15:20:25.922 [main] DEBUG BatchPredictOnGPUBug - Finished detection with 2 results in 6205ms.
15:20:32.175 [main] DEBUG BatchPredictOnGPUBug - Finished detection with 3 results in 6252ms.
15:20:38.433 [main] DEBUG BatchPredictOnGPUBug - Finished detection with 4 results in 6257ms.
15:20:44.718 [main] DEBUG BatchPredictOnGPUBug - Finished detection with 5 results in 6285ms.
15:20:51.024 [main] DEBUG BatchPredictOnGPUBug - Finished detection with 6 results in 6306ms.
15:20:57.377 [main] DEBUG BatchPredictOnGPUBug - Finished detection with 7 results in 6353ms.
15:21:03.790 [main] DEBUG BatchPredictOnGPUBug - Finished detection with 8 results in 6413ms.
15:21:03.790 [main] INFO BatchPredictOnGPUBug - TOTAL IMAGES: 36
15:21:03.790 [main] INFO BatchPredictOnGPUBug - TOTAL TIME: 44571
15:21:03.790 [main] INFO BatchPredictOnGPUBug - AVERAGE TIME PER BATCH: 9904.666666666666
15:21:03.790 [main] INFO BatchPredictOnGPUBug - AVERAGE TIME PER IMAGE: 1238.0833333333333
15:21:03.790 [main] INFO BatchPredictOnGPUBug - PERFORMANCE: 0.8077000740391735/s
15:21:03.830 [main] DEBUG BatchPredictOnGPUBug - Finished detection with 1 results in 40ms.

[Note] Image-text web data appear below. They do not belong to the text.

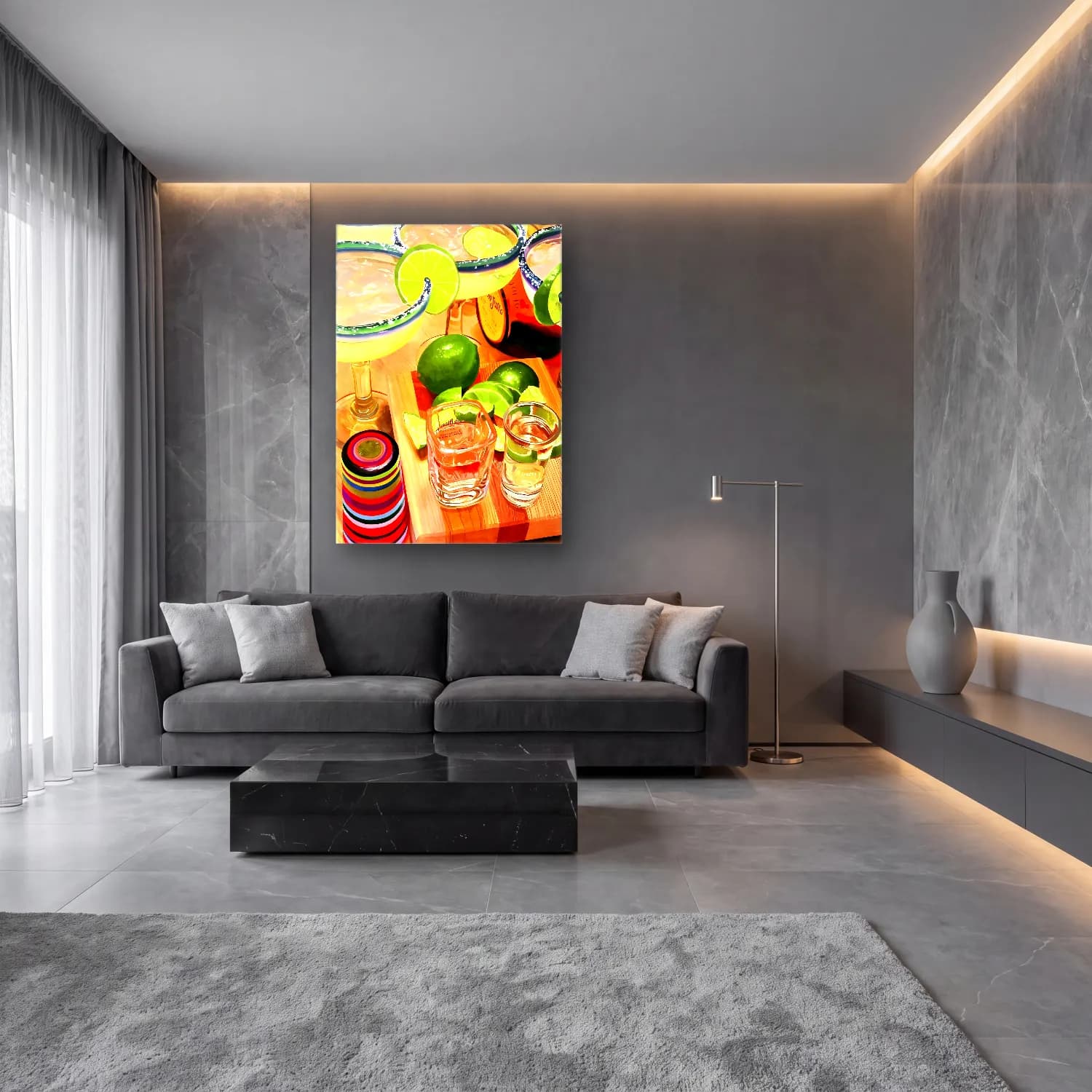 Suluboya Kokteyl – Yeşil Tonlar cam tablo — lüks salon duvarında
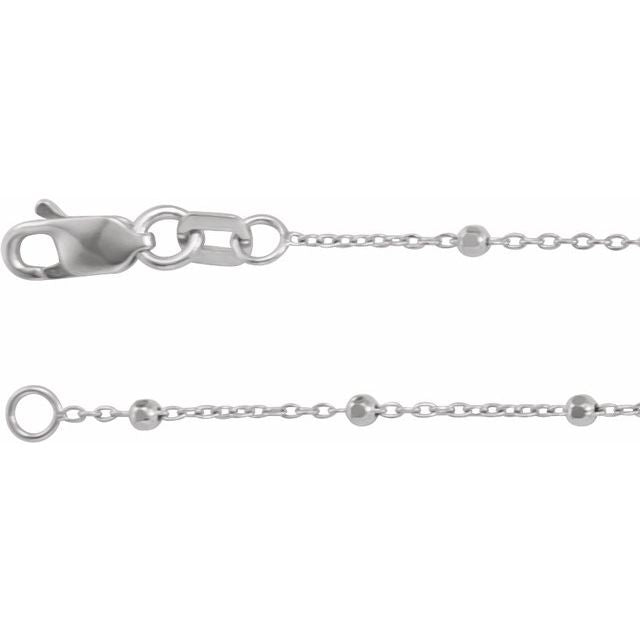 14K White .85 mm Faceted Beaded Cable 20' Chain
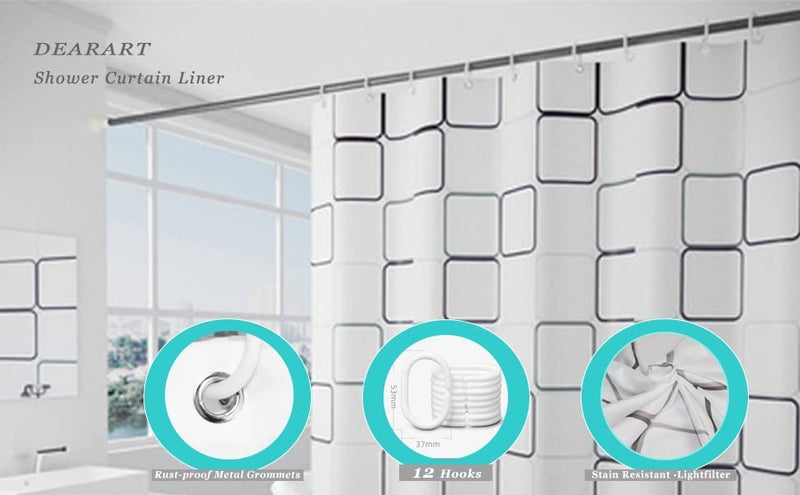 DEARARTBath Square White Shower Curtain Liner for Bathroom, 60''W*72''L inch Fabric Shower Curtains with Grommet and Hooks, Easy Care Easy Clear 100% Waterproof and Machine Washable - Image 4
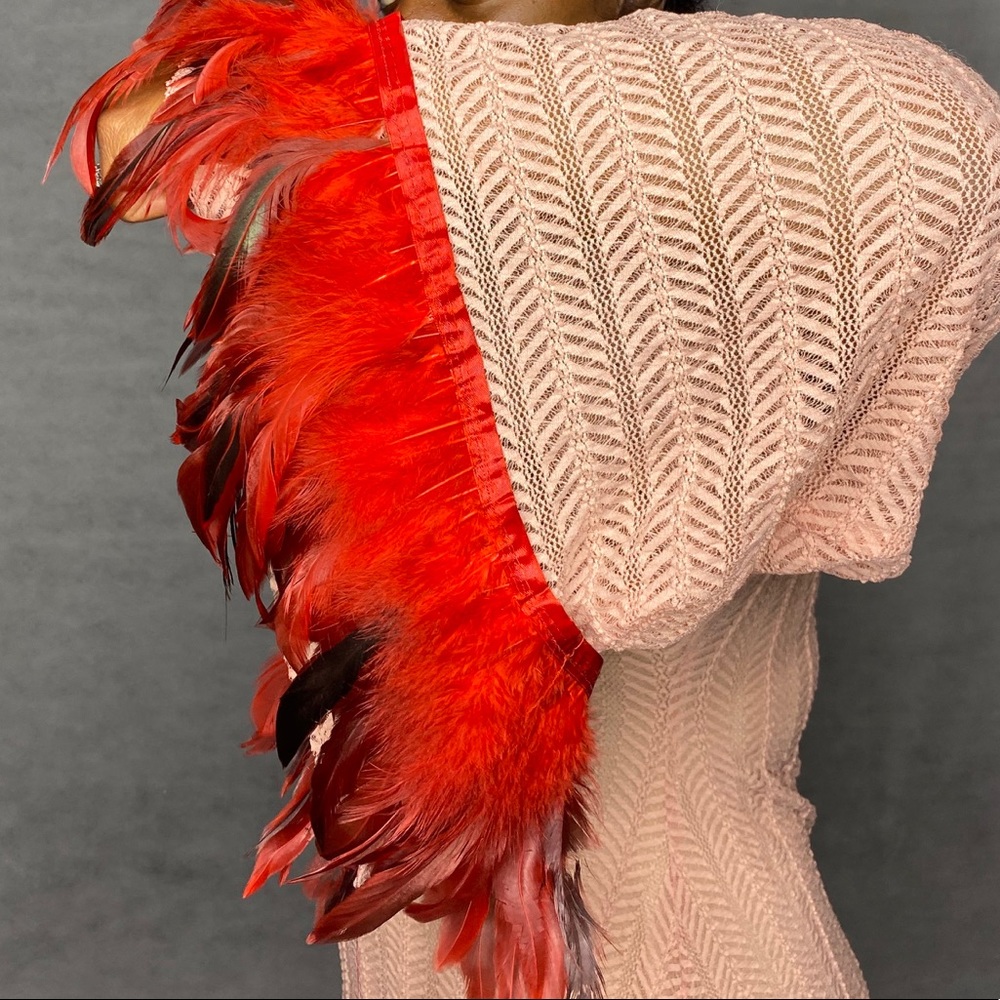 One of kind party dress w feathered sleeves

15:21:03.910 [main] DEBUG BatchPredictOnGPUBug - Finished detection with 2 results in 80ms.
15:21:04.017 [main] DEBUG BatchPredictOnGPUBug - Finished detection with 3 results in 107ms.
15:21:04.164 [main] DEBUG BatchPredictOnGPUBug - Finished detection with 4 results in 147ms.
15:21:04.335 [main] DEBUG BatchPredictOnGPUBug - Finished detection with 5 results in 171ms.
15:21:04.560 [main] DEBUG BatchPredictOnGPUBug - Finished detection with 6 results in 224ms.
15:21:04.825 [main] DEBUG BatchPredictOnGPUBug - Finished detection with 7 results in 265ms.
15:21:11.207 [main] DEBUG BatchPredictOnGPUBug - Finished detection with 8 results in 6382ms.
15:21:11.207 [main] INFO BatchPredictOnGPUBug - TOTAL IMAGES: 36
15:21:11.207 [main] INFO BatchPredictOnGPUBug - TOTAL TIME: 7417
15:21:11.207 [main] INFO BatchPredictOnGPUBug - AVERAGE TIME PER BATCH: 1648.2222222222222
15:21:11.207 [main] INFO BatchPredictOnGPUBug - AVERAGE TIME PER IMAGE: 206.02777777777777
15:21:11.207 [main] INFO BatchPredictOnGPUBug - PERFORMANCE: 4.853714439800458/s
15:21:11.246 [main] DEBUG BatchPredictOnGPUBug - Finished detection with 1 results in 39ms.
15:21:11.322 [main] DEBUG BatchPredictOnGPUBug - Finished detection with 2 results in 76ms.
15:21:11.432 [main] DEBUG BatchPredictOnGPUBug - Finished detection with 3 results in 110ms.
15:21:11.572 [main] DEBUG BatchPredictOnGPUBug - Finished detection with 4 results in 140ms.
15:21:11.744 [main] DEBUG BatchPredictOnGPUBug - Finished detection with 5 results in 172ms.
15:21:11.946 [main] DEBUG BatchPredictOnGPUBug - Finished detection with 6 results in 202ms.
15:21:12.180 [main] DEBUG BatchPredictOnGPUBug - Finished detection with 7 results in 233ms.
15:21:12.448 [main] DEBUG BatchPredictOnGPUBug - Finished detection with 8 results in 268ms.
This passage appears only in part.